- _WORK INSTRUCTION_: Give back each entry word for word, but drop the images.

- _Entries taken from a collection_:
=== Section Start ===

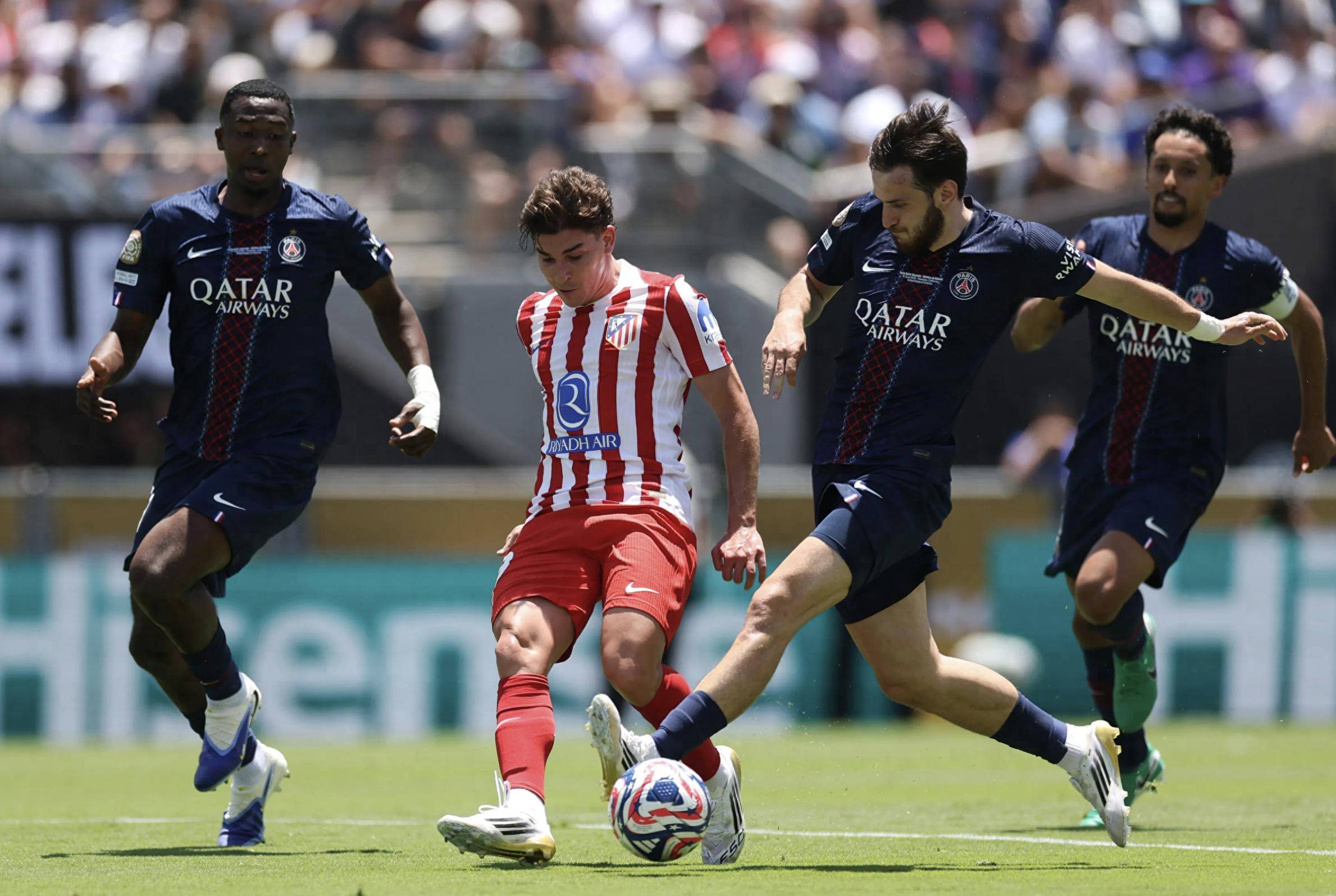 拜仁慕尼黑边锋完成帽子戏法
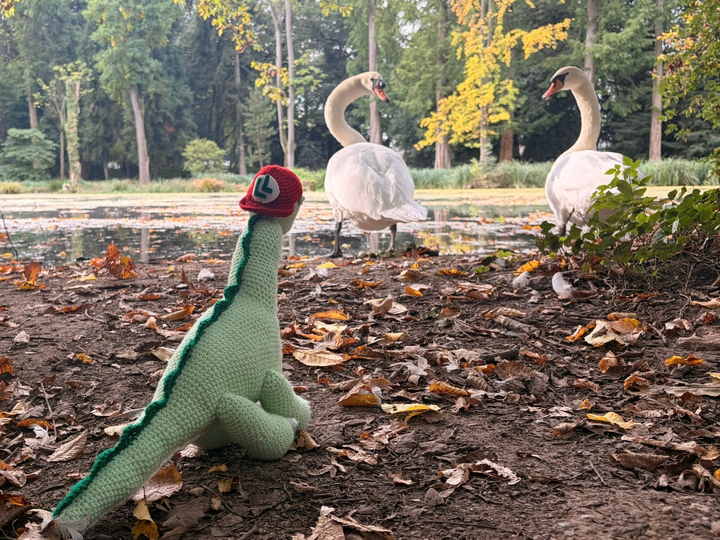 Häkelanleitung Lino Langhals – Zeitreise-Dino mit Kappe und Stacheln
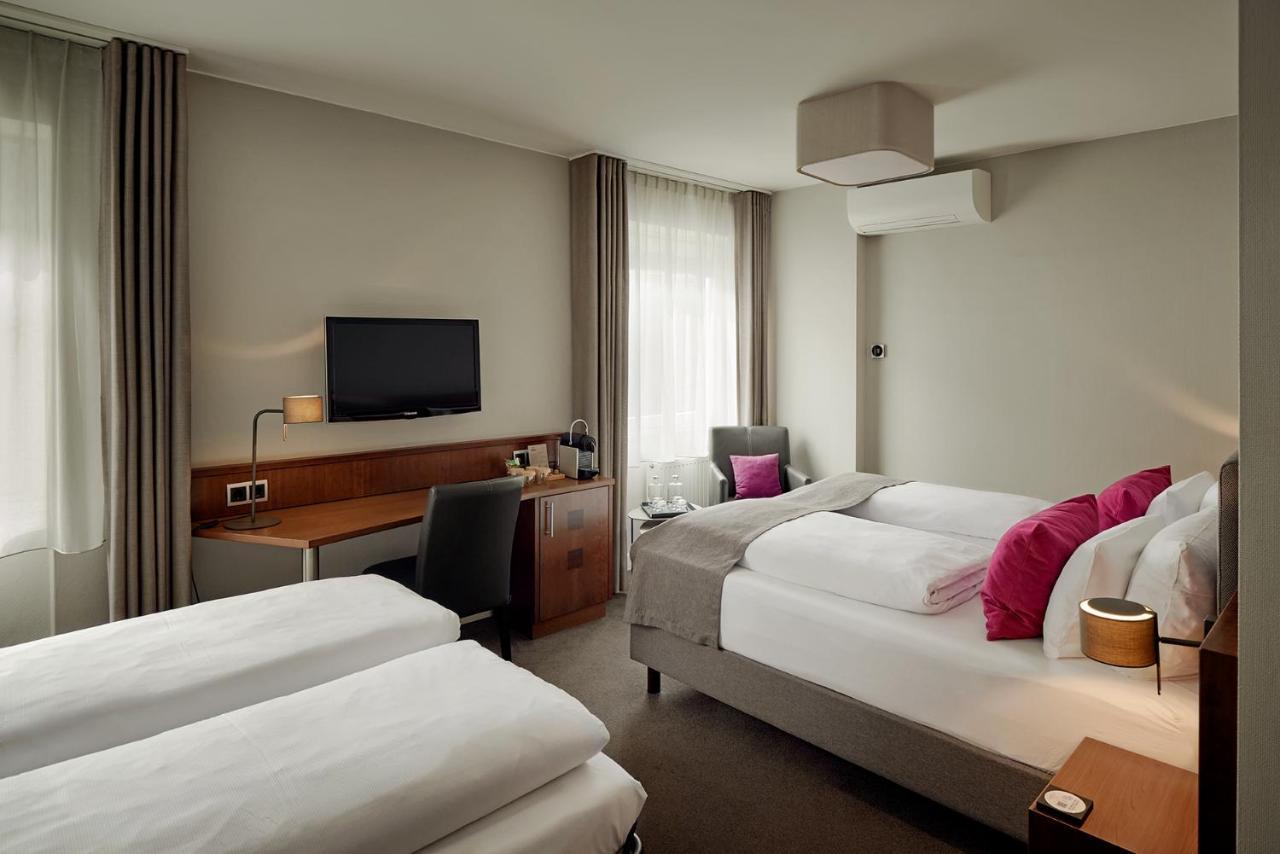 Family Room,1498644373:JPEG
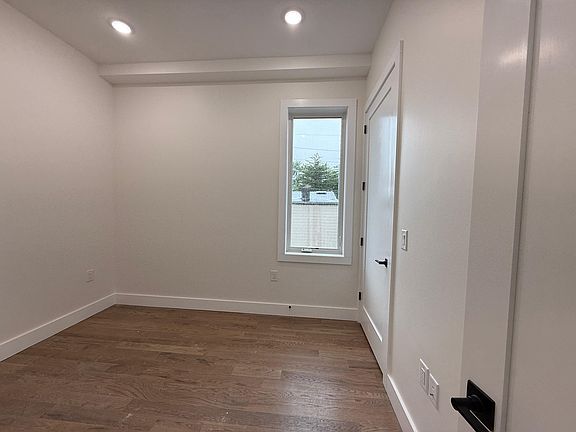 5th image of 40 Lembeck Ave #305H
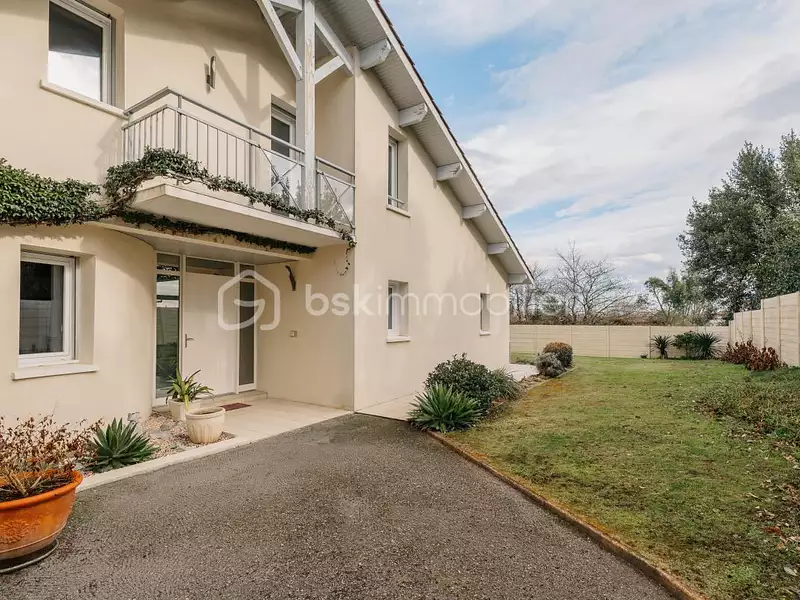 Maison, 164 m²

=== Section End ===

- _WRITTEN RESPONSE_:
 拜仁慕尼黑边锋完成帽子戏法
 Häkelanleitung Lino Langhals – Zeitreise-Dino mit Kappe und Stacheln
 Family Room,1498644373:JPEG
 5th image of 40 Lembeck Ave #305H
 Maison, 164 m²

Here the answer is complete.